Copy nothing from the entries below except the lines from the one containing "ZEHNDER ConfoControl Luxe" through the one containing "Stolový kalendár ZVYKY", and copy those exactly.

* [SUPPLIED ENTRIES]:
========

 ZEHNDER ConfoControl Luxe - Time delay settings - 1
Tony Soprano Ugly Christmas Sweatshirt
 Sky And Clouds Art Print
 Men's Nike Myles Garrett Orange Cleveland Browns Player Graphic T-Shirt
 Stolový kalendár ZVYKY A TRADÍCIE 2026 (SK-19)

========

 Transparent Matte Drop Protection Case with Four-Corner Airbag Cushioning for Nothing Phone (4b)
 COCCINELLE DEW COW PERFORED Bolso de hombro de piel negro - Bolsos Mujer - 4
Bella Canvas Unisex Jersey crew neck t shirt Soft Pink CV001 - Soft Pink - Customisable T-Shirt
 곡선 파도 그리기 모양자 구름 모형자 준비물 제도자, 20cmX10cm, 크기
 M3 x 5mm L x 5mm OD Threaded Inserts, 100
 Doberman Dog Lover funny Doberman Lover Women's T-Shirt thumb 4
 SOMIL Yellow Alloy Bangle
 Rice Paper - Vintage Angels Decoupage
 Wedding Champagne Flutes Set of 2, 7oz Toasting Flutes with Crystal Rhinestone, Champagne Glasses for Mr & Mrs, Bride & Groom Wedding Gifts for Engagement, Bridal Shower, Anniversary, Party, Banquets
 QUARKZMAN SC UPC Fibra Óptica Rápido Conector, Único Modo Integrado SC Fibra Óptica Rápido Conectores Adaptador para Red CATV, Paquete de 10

========

* [FINAL ANSWER]:
 ZEHNDER ConfoControl Luxe - Time delay settings - 1
Tony Soprano Ugly Christmas Sweatshirt
 Sky And Clouds Art Print
 Men's Nike Myles Garrett Orange Cleveland Browns Player Graphic T-Shirt
 Stolový kalendár ZVYKY A TRADÍCIE 2026 (SK-19)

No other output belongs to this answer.